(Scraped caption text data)

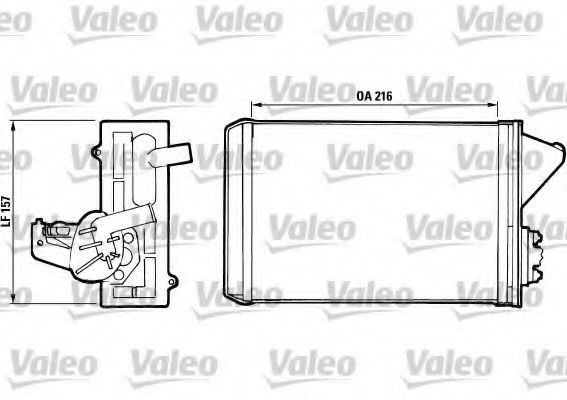 811397 VALEO Heat Exchanger, interior heating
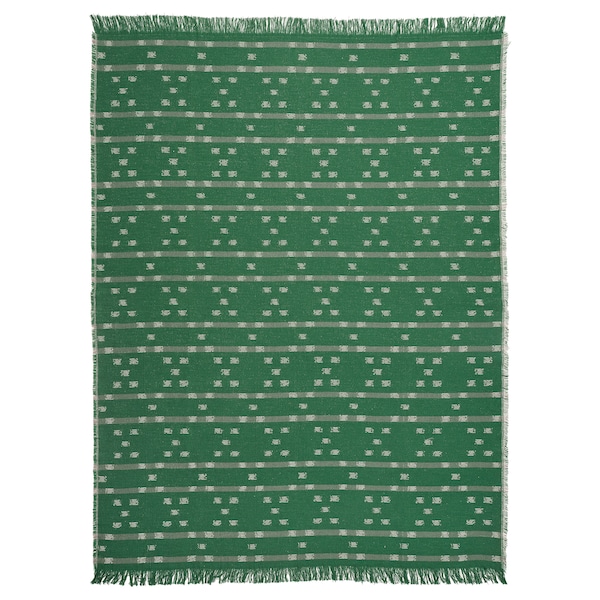 IKEA SVINROT throw, dark green, 51x67 in , IKEA Sale | 14865LJTK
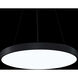 Pi LED 30 inch Satin Black Pendant Ceiling Light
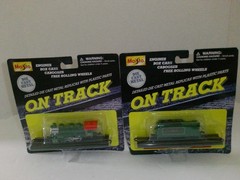 Maisto On Track Diecast Steam Loco./Tender 0-6-0 Green 98 Roaring Camp 1999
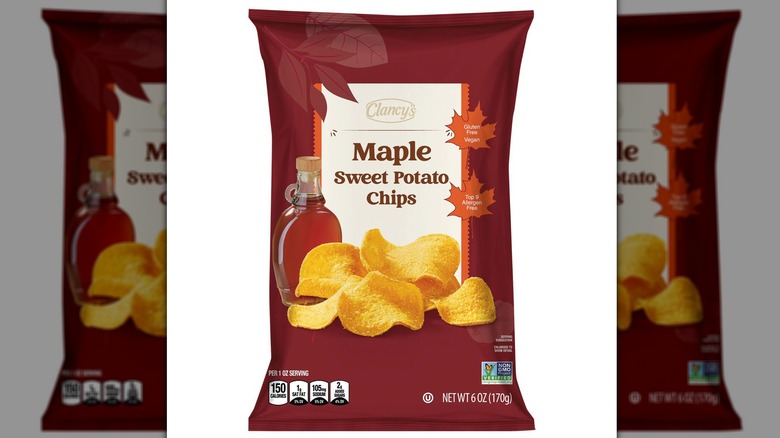 Bag of maple sweet potato chips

* **Required work**
In the copy, leave out all pictures, and retype exactly each line from the one with "IKEA SVINROT throw, dark" through the last line of the entries.

* **Result of this task**
 IKEA SVINROT throw, dark green, 51x67 in , IKEA Sale | 14865LJTK
 Pi LED 30 inch Satin Black Pendant Ceiling Light
 Maisto On Track Diecast Steam Loco./Tender 0-6-0 Green 98 Roaring Camp 1999
 Bag of maple sweet potato chips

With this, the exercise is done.